GOAL OF THE EXERCISE – Starting at the line that contains "3bdrm House in Okpoigonno, Spintex for sale", output each line exactly as written through the end of the listing below, but leave out the pictures.

MATERIAL SUPPLIED –
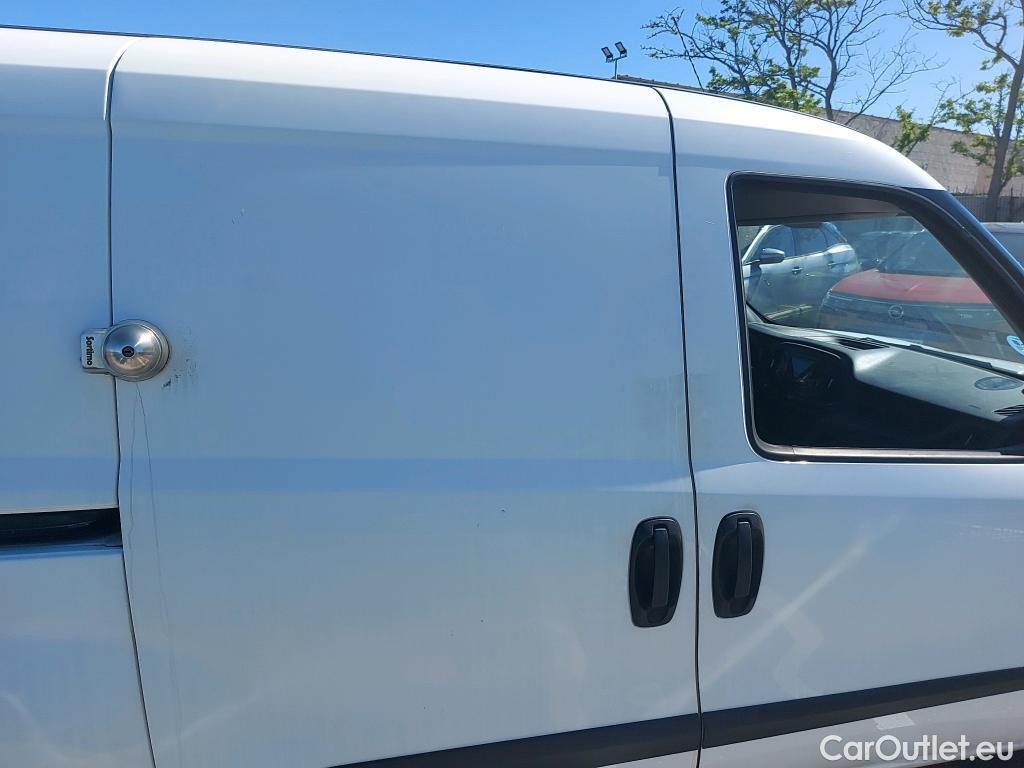  Fiat  Doblo FIAT Doblò Cargo/2015/3P/furgón derivado de turismo Cargo Base 1.3 Multijet 70kW (95CV) #10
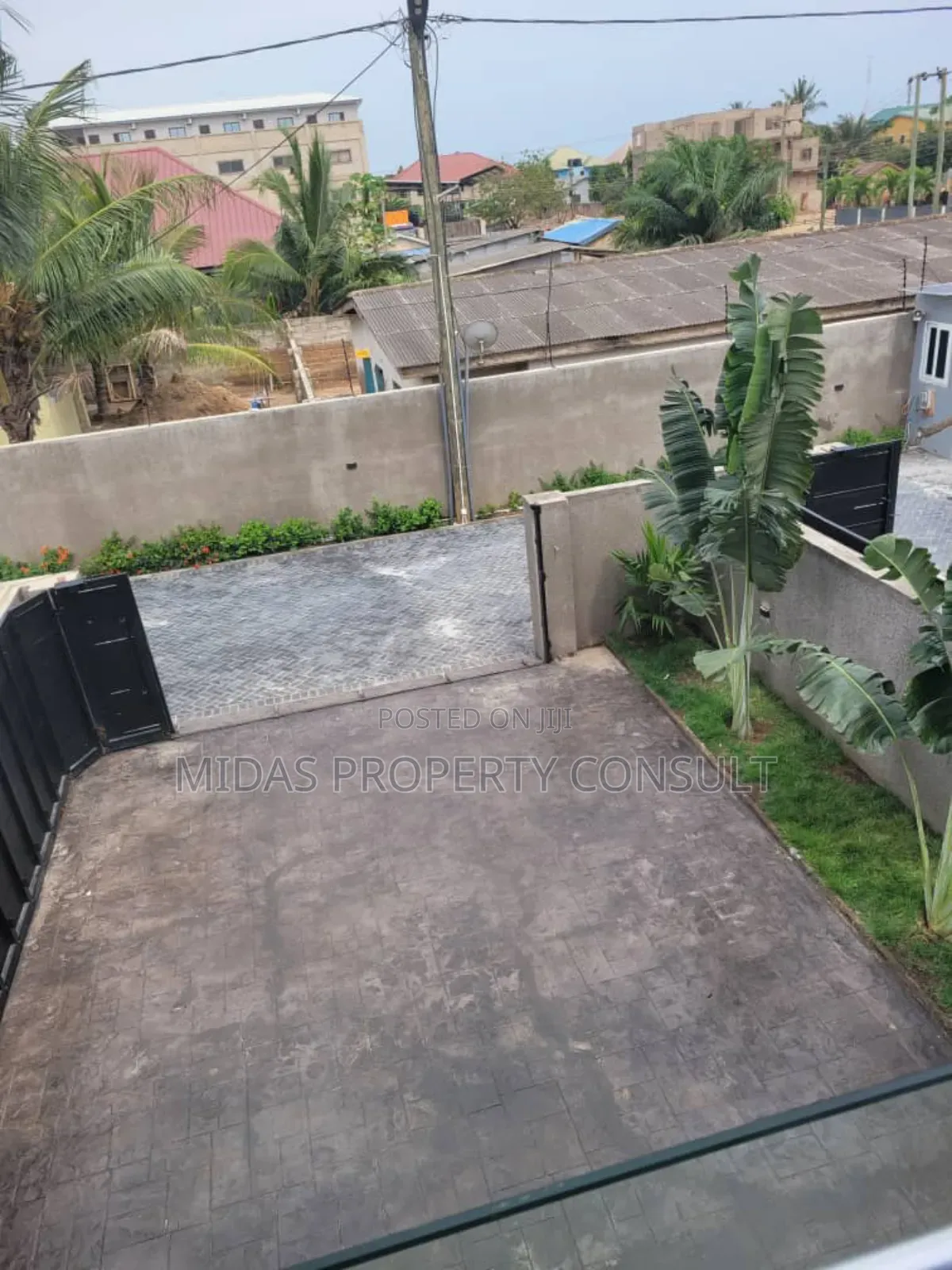 3bdrm House in Okpoigonno, Spintex for sale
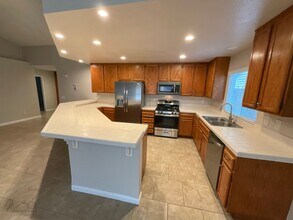 615 Sunset Ct in San Marcos, CA - Building Photo - Building Photo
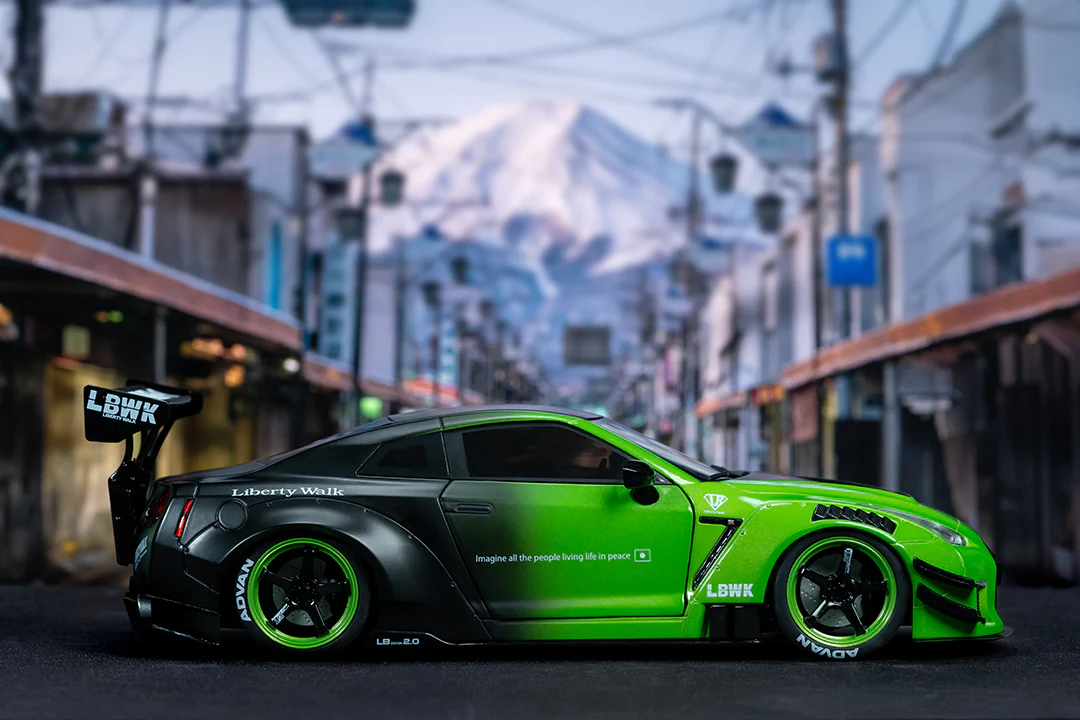 Pink Slips Nissan GT-R (R35) Liberty Walk, 1:18 Scale Vehicle (Wave 1) - Image 13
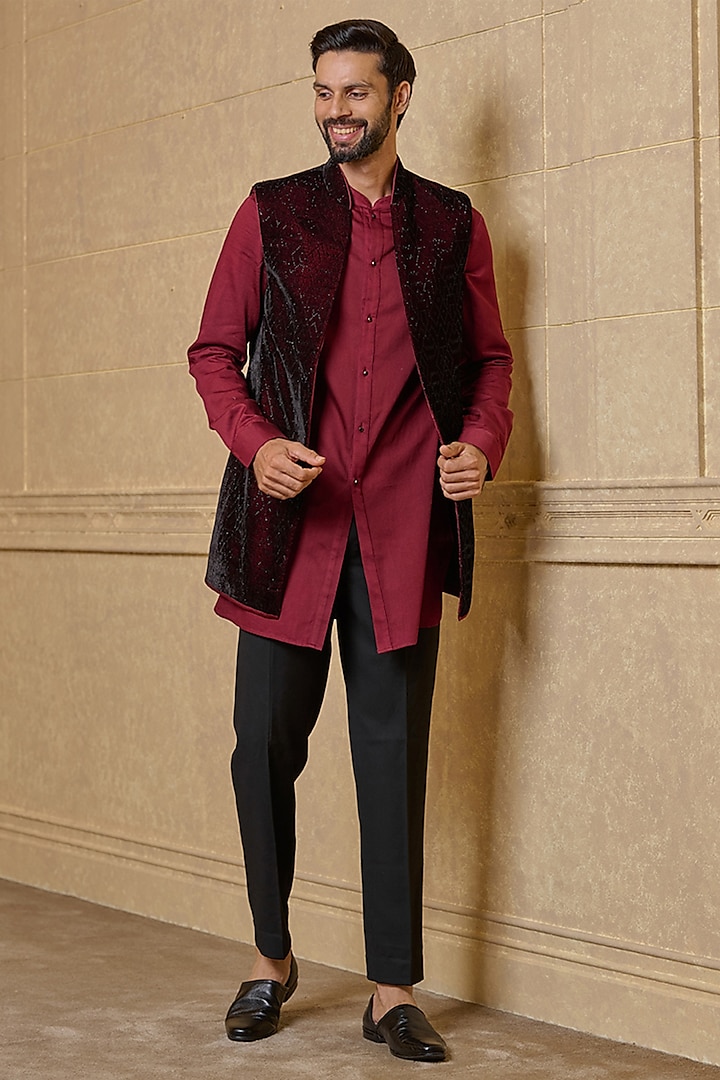 Wine Polyester Embroidered Bundi Jacket Set by TASVA at Pernia's Pop Up Shop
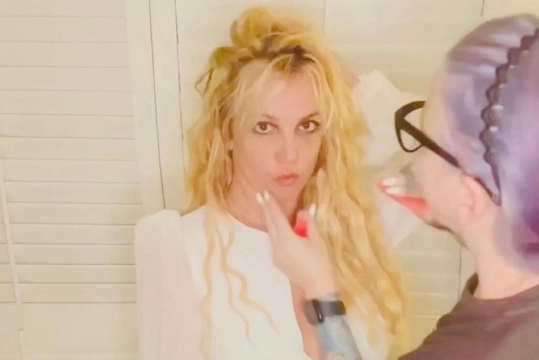 Бритни Спирс засветилась на свидании с новым избранником на фоне развода с Асгари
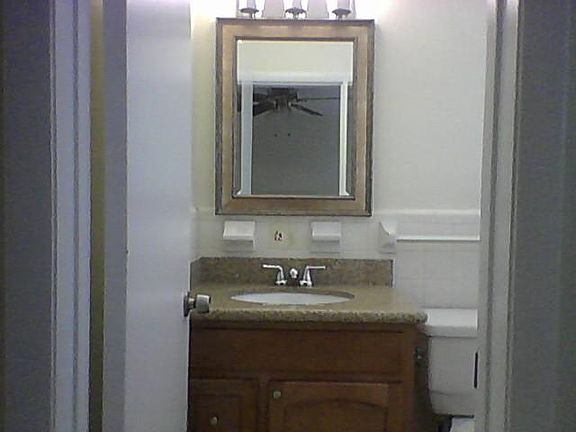 4th image of 40 SE 19th Ave APT 118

REPLY –
 3bdrm House in Okpoigonno, Spintex for sale
 615 Sunset Ct in San Marcos, CA - Building Photo - Building Photo
 Pink Slips Nissan GT-R (R35) Liberty Walk, 1:18 Scale Vehicle (Wave 1) - Image 13
 Wine Polyester Embroidered Bundi Jacket Set by TASVA at Pernia's Pop Up Shop
 Бритни Спирс засветилась на свидании с новым избранником на фоне развода с Асгари
 4th image of 40 SE 19th Ave APT 118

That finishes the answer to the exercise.